Também é proposto o aval para que o canabidiol e o produto industrializado a granel possam ser importados para fins de pesquisa, visando a fabricação de insumo farmacêutico e medicamentos. O favorecimento à matéria-prima importada encarece o produto final desvalorizando o mercado nacional — comenta Bruna Fernanda, farmacêutica clínica e fundadora da Associação Humanitária Canábica do Brasil.

Porto explica que a consulta é uma etapa anterior à decisão da Diretoria Colegiada da Anvisa, chamada Dicol, em que 5 diretores se reúnem para votar a favor ou contra as mudanças na resolução vigente. Na realidade, não tem como dizer o que vai acontecer.

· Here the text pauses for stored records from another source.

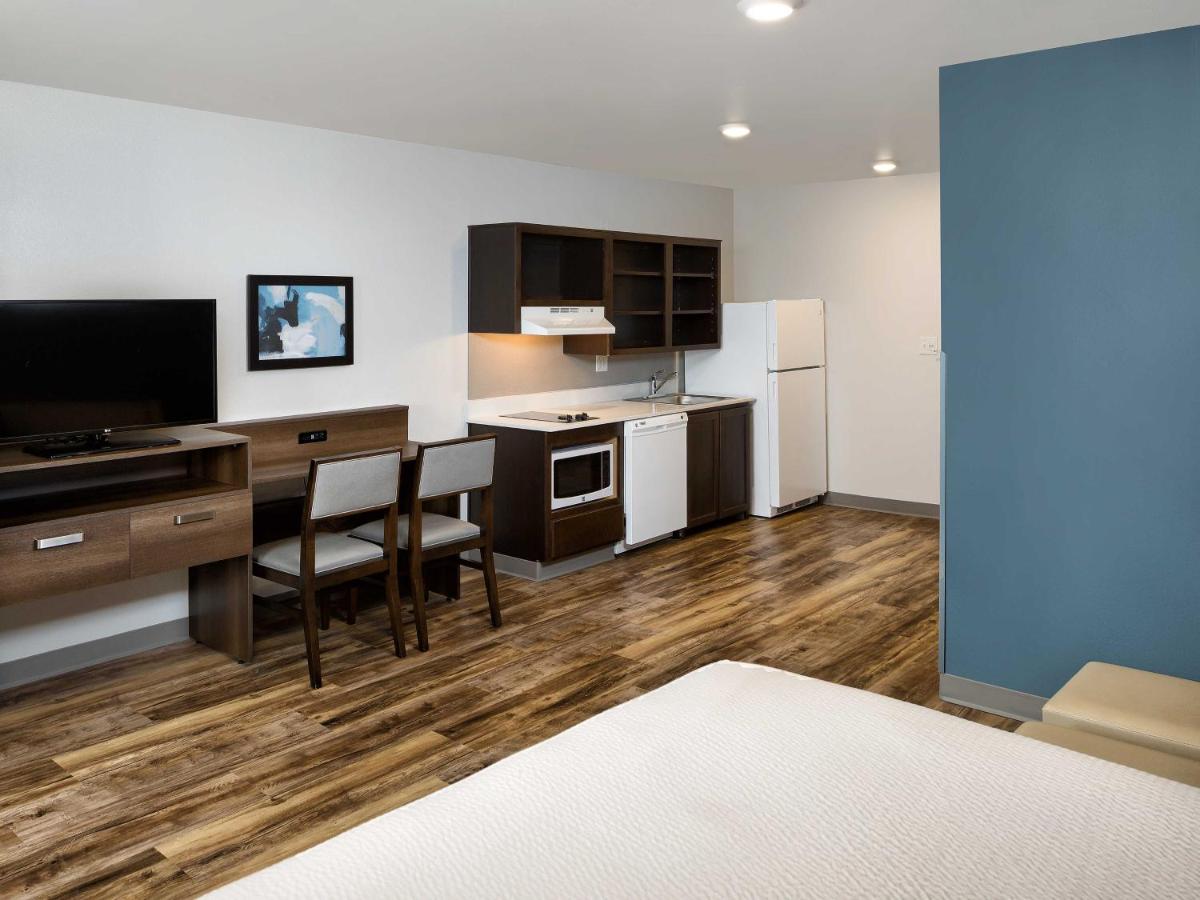 Queen Studio at WoodSpring Suites Houston IAH Airport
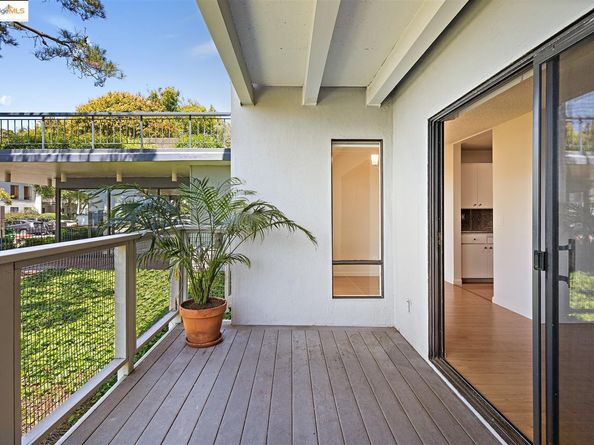 2 Commodore DR D171, Emeryville CA 94608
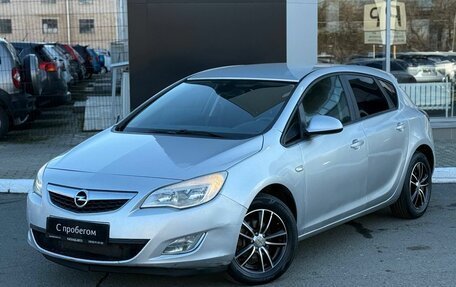 Opel Astra J, 2011 год, 570 000 рублей, 1 фотография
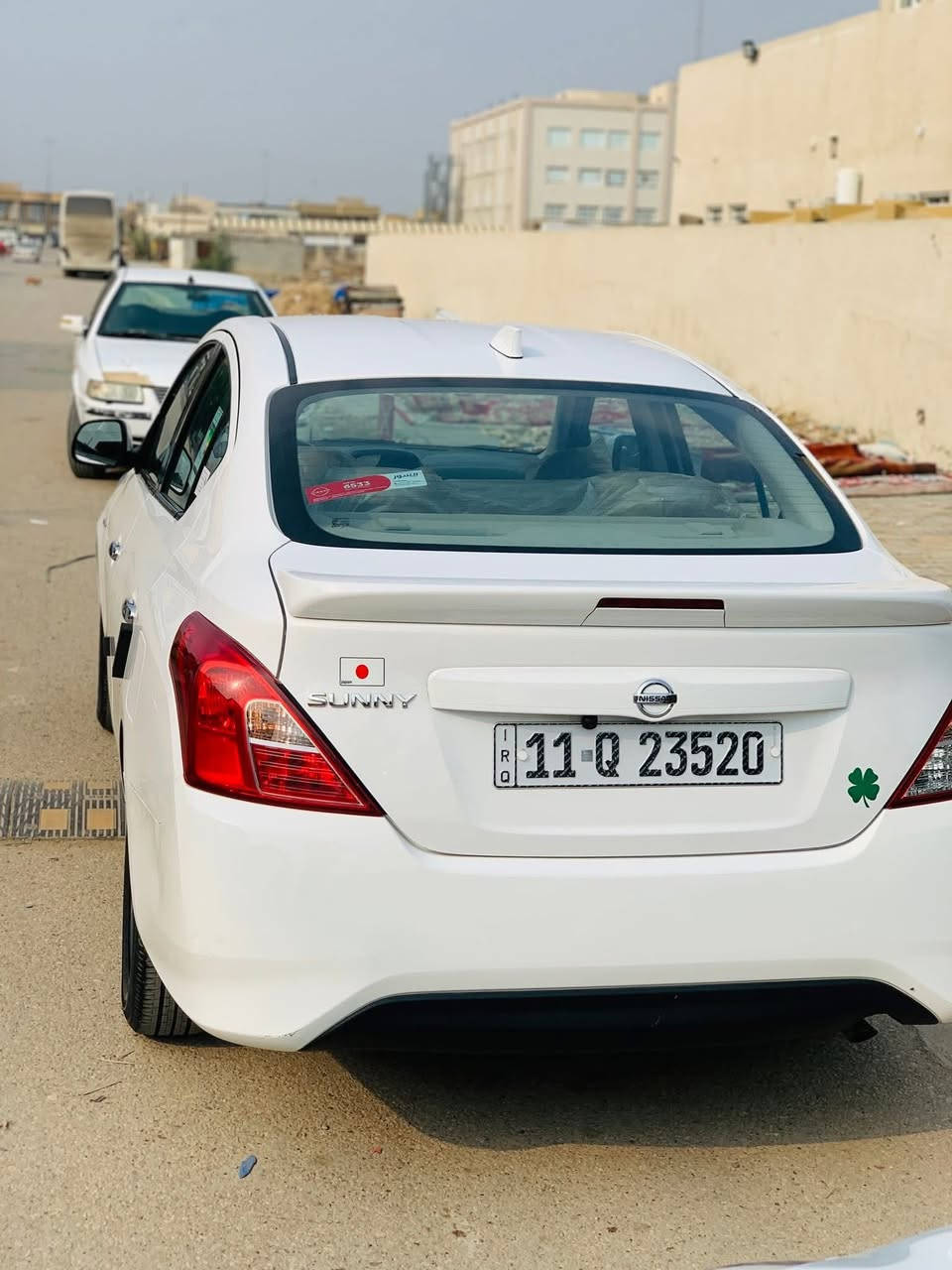 السلام عليكم
نيسان سني 2024 الهندي ابو بليتة الزركة 
مكفولة كفالة عامه ماعده شخط بلدوسة من جهة الصدر 
ماشيه 36الف 
السعر 128 
مكانه الكوت ***********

A Diretoria que toma a decisão, ou seja, eles podem, ou não, levar em consideração o que a consulta pública decidir. Isso só mostra que eles querem ganhar tempo. Esse é o problema, fica um jogo de empurra com a barriga — argumenta o advogado.

Fotos: Reprodução
Segundo ele, o texto deixa de fora a prescrição feita por veterinários para o tratamento de animais. Aumentar o acesso é muito importante, porque aí sim as pesquisas e toda a sociedade civil saem ganhando — conclui. A página aberta a sugestões do público ficará disponível por 60 dias no site da Anvisa, após o texto ser publicado no Diário Oficial da União.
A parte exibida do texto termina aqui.